I`m sure many entrepreneurs have moments when they ask themselves "am I really up to this?" and I`m no different. Advice from others who have had similar experiences would be greatly welcome. Thank you.
Sincerely,
Jeff Koenig
CEO
NewbsNetwork

Comments

  • JeffKoenigJeffKoenig subscriber Posts: 1
    Thank you, Craig, for your insightful commentary. It was tremendously helpful.
    I`d like to address some of the comments you made, starting with the last first:


    On a deeper level, you may also want to look at your own psychology.
    Are you afraid to stand out? Do you feel (operative word) that pride is
    a bad thing? Do you have trouble believing that you`re better than
    other people in various ways? If so, then much of your second-guessing
    likely is coming from a fear of being assertive, aggressive, and
    competitive. That`s a therapeutic situation, not a business situation.

    Before I became a film maker, I started out as an actor. While I
    believe you make a valid observation, I can decisively say that it does
    not apply to my particular case. I have no problems being the center of
    attention. I have always been comfortable taking the lead role, so
    to speak.
    I became a Producer/Director because I wanted more control, and a
    bigger say in the work that I was doing. I had ideas that I wanted to
    present and the only way I could present them was to create the
    projects myself; a direct parallel to how I got myself here, as the
    leading founder of a new company. In a way, it`s the next logical step
    in the progression... once I took control over the production of the
    content, the next link in the chain was distribution.

    Who created the idea for this company? Who had the overall vision for
    what it`s intended to accomplish? According to whose life plan will
    this company function?
    If the answer is you, then you should be the CEO.
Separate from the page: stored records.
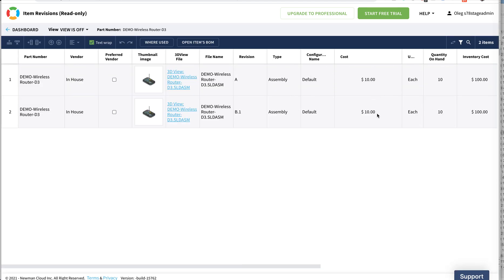Of course, if the information changed, you will see this information change and the file changed. That was Oleg with the new mechanism of revision management in OpenBomb. Stay tuned, the new functionality is coming to OpenBomb very soon in the next release. I will see you in the next video. Thank you very much.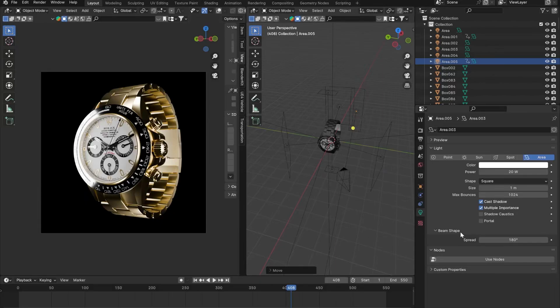What's up guys, my name is Abdul Naufey and welcome back to another brand new video. In this one we're going to be learning the basics of studio lighting inside of Blender 3D. I'm going to be teaching you how to make this lighting setup right here and how to light up products inside of Blender 3D. So I think we should get started.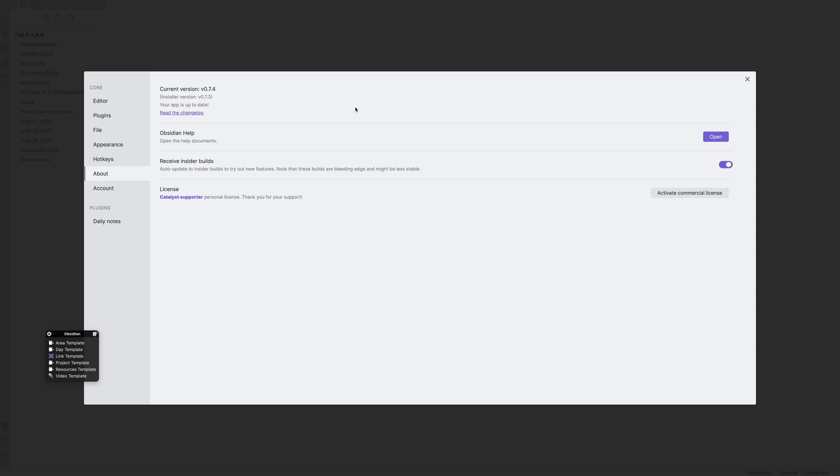For this video, we will be using Obsidian version 0.7.4. It's an early insider build, so if there is anything different in settings, it is because of this. So the very first step we look at is how to enable the plugin if you have not already done so.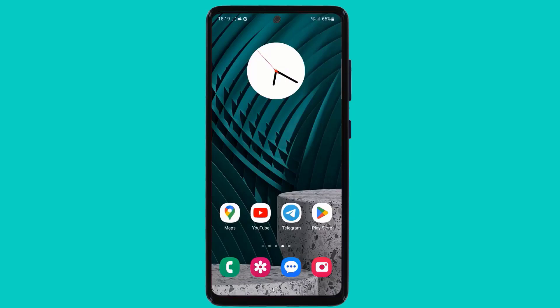Hello everyone, welcome back to my channel TechPro. In this video, I am going to show you how to recover Android phone deleted data.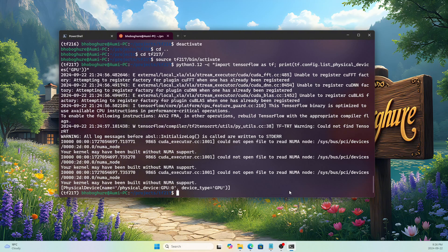In just a few commands your system is up to date and ready to run TensorFlow code. Before, you had to do a lot of things to prepare your system — now it only takes a few commands for a working development environment. Thank you for watching — I hope this helps you build your own TensorFlow development environment easily. Please like and subscribe; it's a new channel and your support means a lot.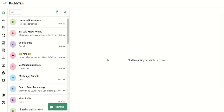Hi everyone, welcome to DoubleTick app. In this video we will see how we can create a custom bot. Before we proceed, we need to understand what a custom bot is and what is the use of it. A custom bot is an automated software mechanism that helps you perform certain tasks with very little or no human intervention at all.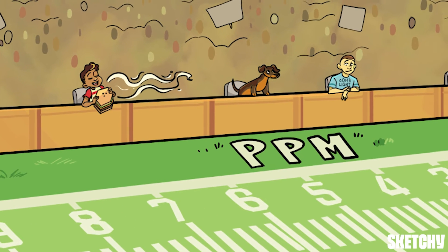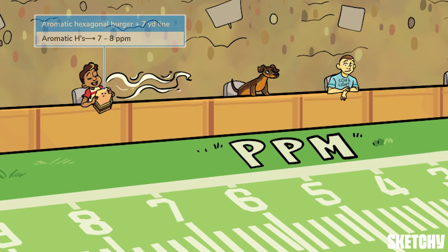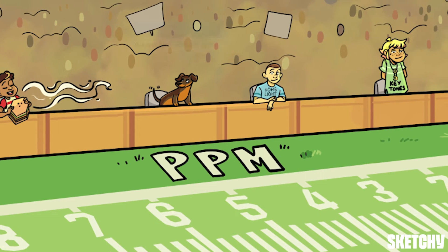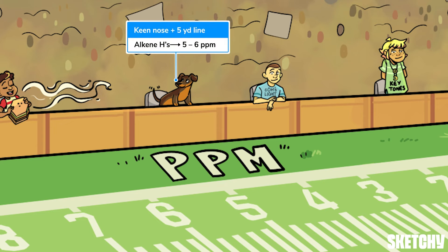What's that smell? Is that a hexagonal burger I detect? That's there to remind us that protons on aromatic rings appear around seven parts per million. And the keen sniffer on this pup is not missing the smell of that burger — we place the keen weenie right where alkene protons appear, around five parts per million.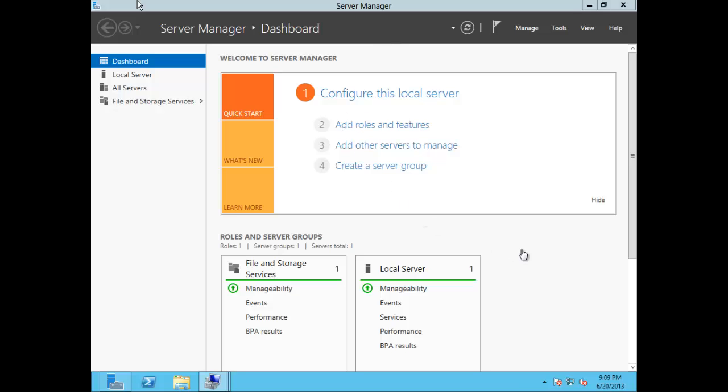Hi, this is Monique with Video Gaming Anime Network and today I'll be showing you how to convert a volume from FAT32 to NTFS without formatting or losing data.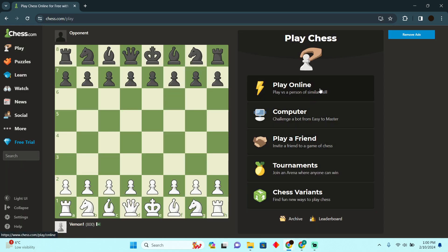It totally depends upon you. You have to select any of these options to start playing chess. So that's pretty much it. That's how you'll be able to do it. Hope you guys find this video helpful.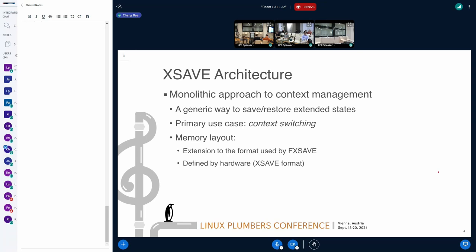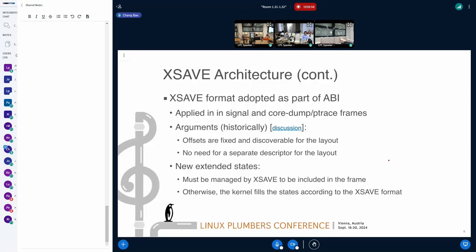This approach monolithically saves the entire set of registers at once, which looks a little bit conflicted from today's point of view. It has a particular memory format, which is an extension from the format used by FXSAVE, but it redefines the format to address and host all the new register sets. This was primarily intended for the context switch feature, but its usage was adapted as part of the ABI.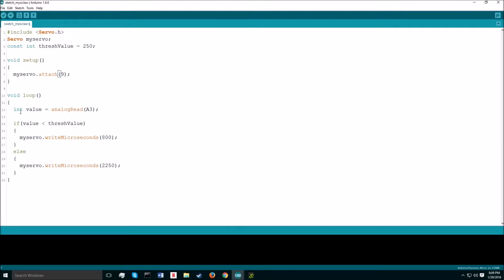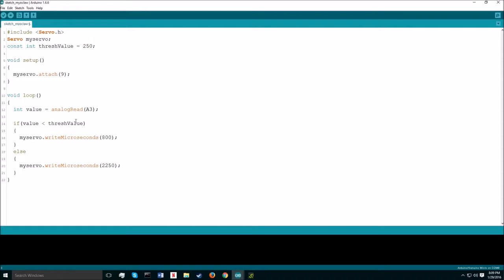In the loop, I create an integer called value, which is equal to the analog read of pin A3 on the Arduino board. Pin A3 is the same pin that Myoware is attached to. So, in this if statement, it says, if the value of the Myoware is less than this thresh value that we created up here, then it will tell the servo to move to a certain position.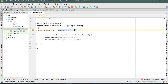Hello friends, today we are going to learn how to integrate YouTube API in Android using Kotlin. I created a simple Android project with Kotlin support. Let's start.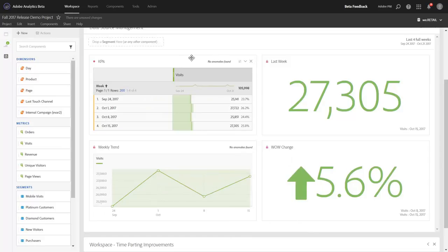We're hoping that these updates make it even easier for you to manage your visualizations and the data sources that are powering them.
    It was most definitely me, with due credit given to my other General
    Partners for helping to shape the ideas and hone the rougher edges from
    the concept.
    Despite my lack of specific familiarity with some aspects of the
    start-up process, I do feel confident that I can accomplish what`s
    necessary to fill this role. My only concern  is about how much my
    mistakes will impact those around me who are depending on me.
    I have a casual (and very non-professional) interest in cooking. I`ll use that to create an analogy:
    I`ve never made a Creme Broulee before. I`ve eaten them, discerned what
    I like about them. I`m familiar enough with the techniques involved
    that I could probably look at a recipe and whip one up, even adding my
    own twist (candied orange rind?) to see what happens. And this type of
    experimentation is great for a casual evening at home.
    However, I suddenly find myself preparing a large dinner for several
    important guests. Do I still try the experiment, or should I just hire
    a professional pastry chef who`s made a million creme broulees and can
    remove all the doubt from the execution?
    That`s where I was last night when I typed up my (excedingly long) post.
    However, what I take from your response, Craig, is this point:
    Were I to hire that ringer professional, it would no longer be my dinner
    I`d be serving. There`d be less risk, yes, but it would also be devoid
    of whatever personal touches I may be able to add to the recipe. Further, by making sure I have experienced help by my side in the kitchen, and perhaps the advice of someone who`s an old pro at pastries, the chances of things going badly are greatly reduced.
    It is, if you`ll please forgive the pun, excellent food for thought. Again, thank you for the response.
    -Jeff
    JeffKoenig6/28/2008 10:16 PM
  • NuevolutionNuevolution subscriber Posts: 30 Bronze Level Member
    CraigL
    Very well said.
    I like this "Everday life
    is tangible, whereas logical formulas are abstractions. Abstractions
    can offer certainty; everyday life can only offer high probabilities".
  • infinique3infinique3 subscriber Posts: 0
    You need the right title for the right job.